§ **Records to use**:

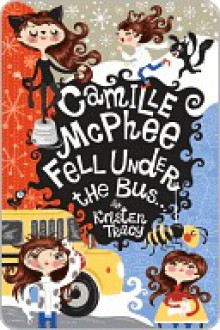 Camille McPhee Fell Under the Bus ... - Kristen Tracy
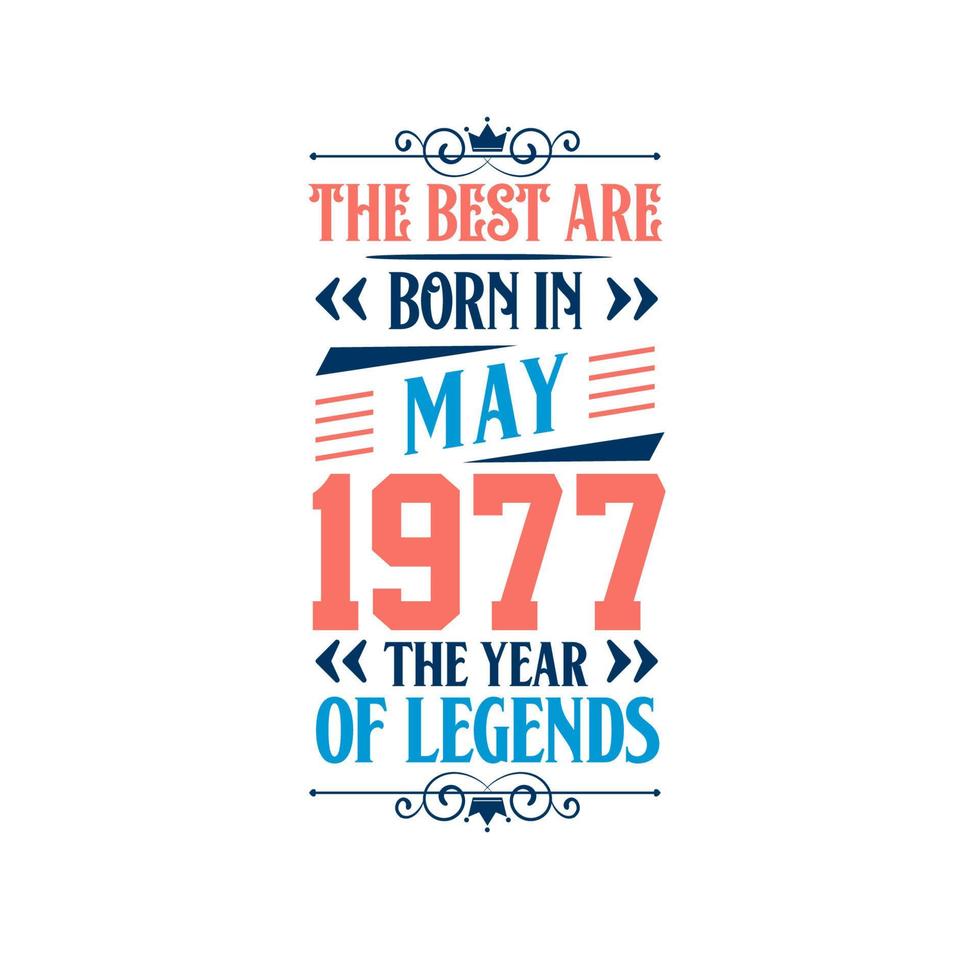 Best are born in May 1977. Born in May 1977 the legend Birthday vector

---

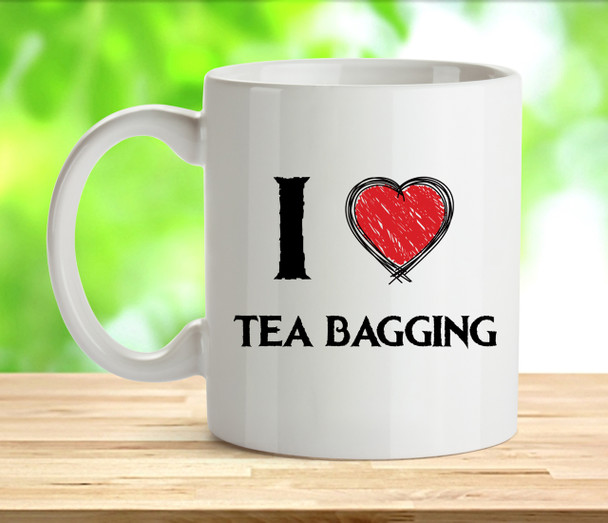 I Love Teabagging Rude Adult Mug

§ **Problem requirements**: Start with the line with "Camille McPhee Fell" in the listing above and stop after the line with "Best are born". Write out exactly the lines in that stretch and no others, without pictures.

§ **Exercise answer**:
 Camille McPhee Fell Under the Bus ... - Kristen Tracy
 Best are born in May 1977. Born in May 1977 the legend Birthday vector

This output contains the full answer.